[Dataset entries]
= = = = = = =

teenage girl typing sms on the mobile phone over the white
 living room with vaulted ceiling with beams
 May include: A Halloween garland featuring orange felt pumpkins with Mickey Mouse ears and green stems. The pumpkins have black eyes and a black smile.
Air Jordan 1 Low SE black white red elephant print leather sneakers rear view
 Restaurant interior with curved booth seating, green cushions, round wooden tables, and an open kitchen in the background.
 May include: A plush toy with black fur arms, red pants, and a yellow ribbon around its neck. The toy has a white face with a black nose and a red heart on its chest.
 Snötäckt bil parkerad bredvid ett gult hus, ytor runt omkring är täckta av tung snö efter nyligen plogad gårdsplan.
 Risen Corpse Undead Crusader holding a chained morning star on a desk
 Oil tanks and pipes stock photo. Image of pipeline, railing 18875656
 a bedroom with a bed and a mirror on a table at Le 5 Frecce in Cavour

= = = = = = =

Set down exactly the lines of the data above, beginning with the line that has "May include: A plush" and ending with the line that has "Risen Corpse Undead", and no others.

Task result:
 May include: A plush toy with black fur arms, red pants, and a yellow ribbon around its neck. The toy has a white face with a black nose and a red heart on its chest.
 Snötäckt bil parkerad bredvid ett gult hus, ytor runt omkring är täckta av tung snö efter nyligen plogad gårdsplan.
 Risen Corpse Undead Crusader holding a chained morning star on a desk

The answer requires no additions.